» **Work instruction**: Set down, exactly as written, the lines from the line holding "this 535×350 image." to the end of the data, inclusive, skipping any pictures.

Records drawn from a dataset
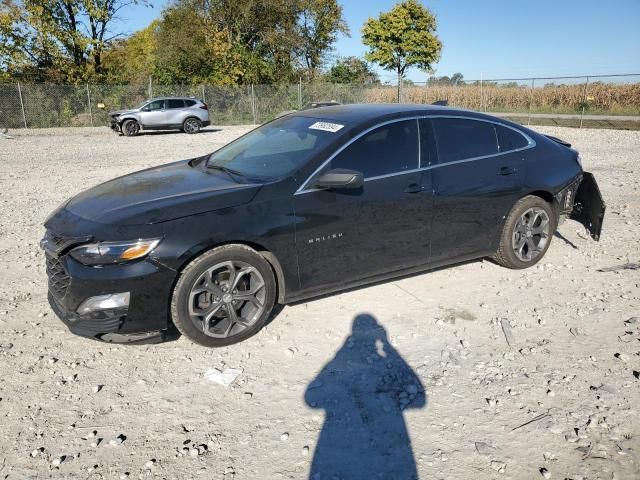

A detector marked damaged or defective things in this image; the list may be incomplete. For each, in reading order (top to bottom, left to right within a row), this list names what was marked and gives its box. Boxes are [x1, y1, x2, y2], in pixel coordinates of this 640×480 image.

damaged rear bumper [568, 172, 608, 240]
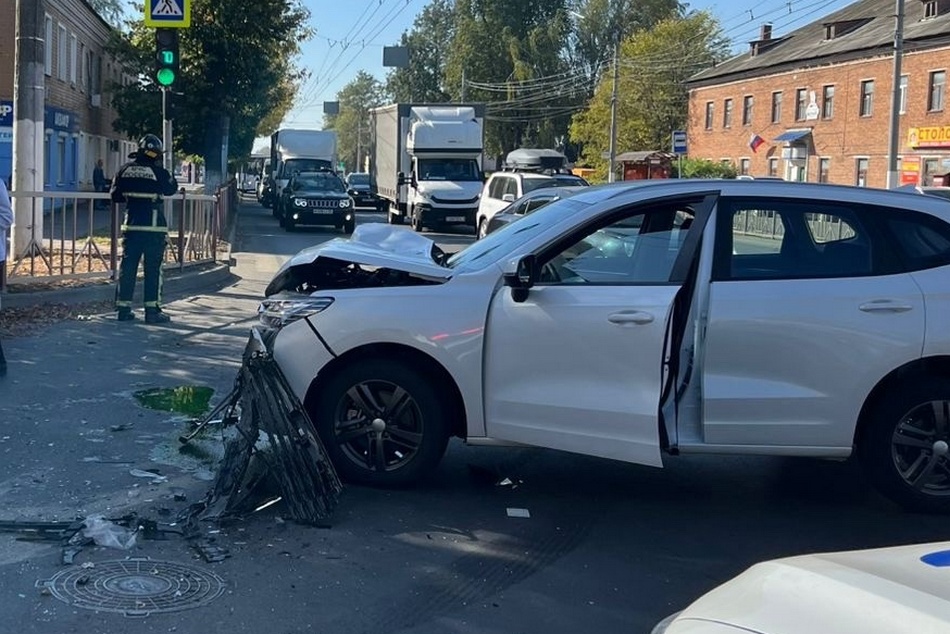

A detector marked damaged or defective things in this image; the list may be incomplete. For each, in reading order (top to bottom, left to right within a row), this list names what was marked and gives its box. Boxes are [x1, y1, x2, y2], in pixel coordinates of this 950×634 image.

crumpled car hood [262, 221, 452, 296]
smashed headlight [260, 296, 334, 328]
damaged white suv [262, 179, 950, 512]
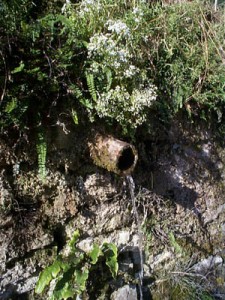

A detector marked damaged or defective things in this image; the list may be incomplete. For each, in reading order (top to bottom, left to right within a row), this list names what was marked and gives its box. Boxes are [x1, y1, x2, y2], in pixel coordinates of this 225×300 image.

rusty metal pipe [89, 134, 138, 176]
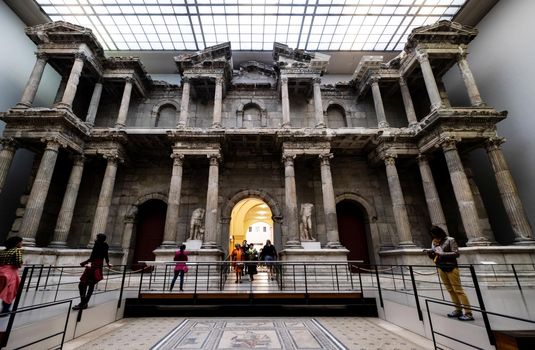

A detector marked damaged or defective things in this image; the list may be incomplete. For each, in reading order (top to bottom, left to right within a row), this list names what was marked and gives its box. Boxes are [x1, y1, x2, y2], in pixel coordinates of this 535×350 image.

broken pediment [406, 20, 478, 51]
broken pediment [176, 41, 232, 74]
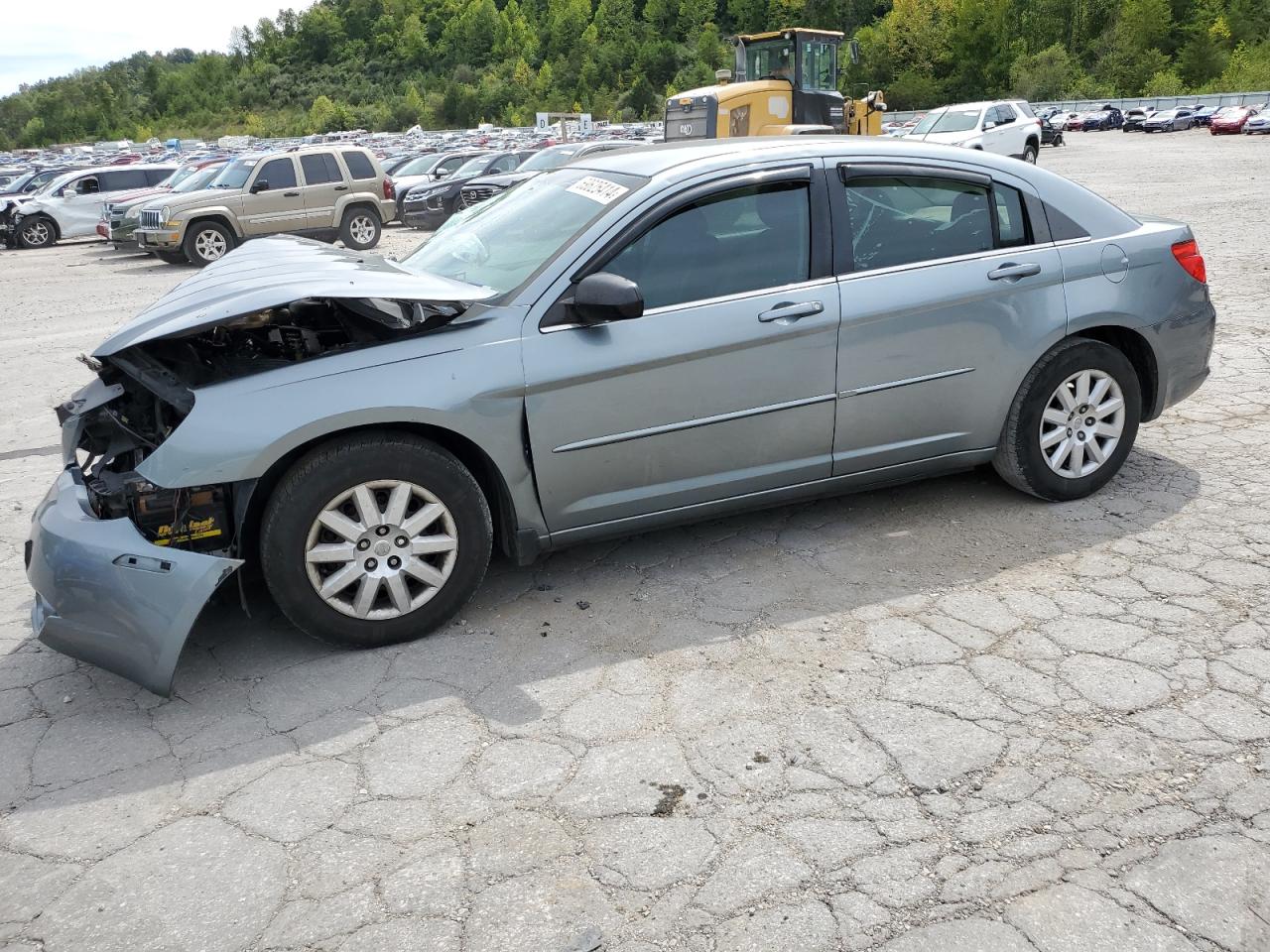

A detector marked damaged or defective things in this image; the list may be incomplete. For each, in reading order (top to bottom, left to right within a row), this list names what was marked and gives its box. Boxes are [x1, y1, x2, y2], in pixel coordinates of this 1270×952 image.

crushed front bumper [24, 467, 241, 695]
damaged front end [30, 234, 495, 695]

» **Answer to this exercise**:
A detector marked damaged or defective things in this image; the list may be incomplete. For each, in reading order (top to bottom, left to right within a row), this list names what was marked and gives its box. Boxes are [x1, y1, x2, y2], in pixel coordinates of this 535×350 image.

broken pediment [406, 20, 478, 51]
broken pediment [176, 41, 232, 74]

A detector marked damaged or defective things in this image; the list may be incomplete. For each, in reading order (top to bottom, left to right within a row), this list names what was marked and gives its box. Boxes are [x1, y1, x2, y2], in pixel coordinates of this 1270×952 image.

crushed front bumper [24, 467, 241, 695]
damaged front end [30, 234, 495, 695]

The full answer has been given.